East of Downer's, in the hamlet of Amsden, Branch Brook came roaring in from Felchville, the major settlement in Reading just to the north. There, two brooks merge with Branch Brook. amassing a powerful body of water.
It was these brooks, according to a letter in the archives of the Weathersfield Historical Society, that wiped out every bridge in Felchville in the freshet of 1869.
The settlement of Amsden was founded by Charles Amsden as he is built his fortune on limestone. Arriving in town in 1849, young Amsden worked to develop the lime business with Joseph Craigue who already had a small lime kiln there. Charles Amsden soon married Craigue's daughter. As the business grew, he built two huge kilns, the bases of which may still be seen in Amsden Hollow.
This year, on August 28th , when the raging waters of Branch Brook turned down Amsden School Road, they leaped their banks and flooded across the road. Part of the route of the historic Crown Point Road in Weathersfield parallels Amsden School Road. The Eleven Mile Marker (11 miles from the beginning of the road in Charlestown) sits at the entrance to a driveway. The Marker was flooded, but did not move.

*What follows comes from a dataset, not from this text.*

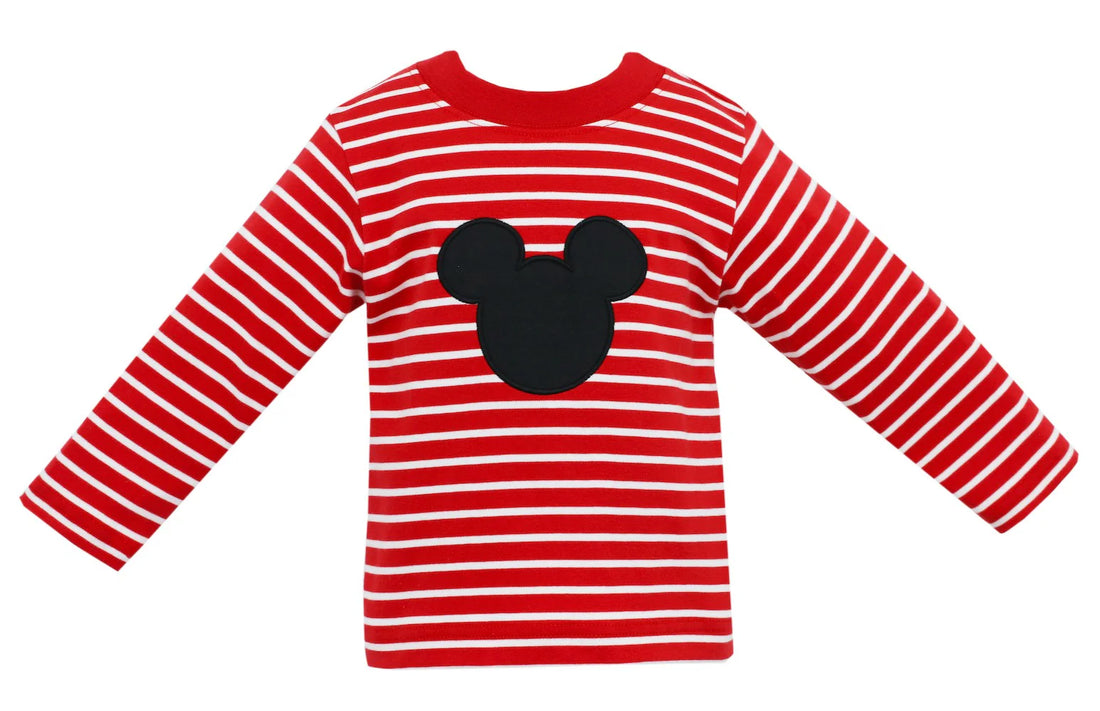 Mickey Red Stripe Knit LS T-Shirt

The water rushed ahead flooding two private homes forcing the residents to evacuate. The second home had once been the old Amsden District #8 schoolhouse, gift of Charles Amsden in 1884. It served as a school until 1965.
Amsden School Road ends at Route 131. The flood waters raced across it and almost undermined the large building that Charles Amsden built to house his store, the post office, the stage coach stop, and his upstairs residence. This building, which has been deteriorating, may be a total loss.

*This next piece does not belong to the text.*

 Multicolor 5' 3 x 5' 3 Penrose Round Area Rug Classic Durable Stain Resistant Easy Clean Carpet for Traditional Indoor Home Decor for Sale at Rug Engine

Rushing down into the hollow, flooding the lower levels of the two old kilns, the water then surged down Branch Brook Road. It severely damaged the road as well as the original Craigue limekiln which probably predates 1850.
And finally, when the raging waters reached the North Springfield Flood Control area, they passed over the Crown Point Road 10 Mile Marker. It is on the National Register of Historic Sites. This old marker also stood its ground.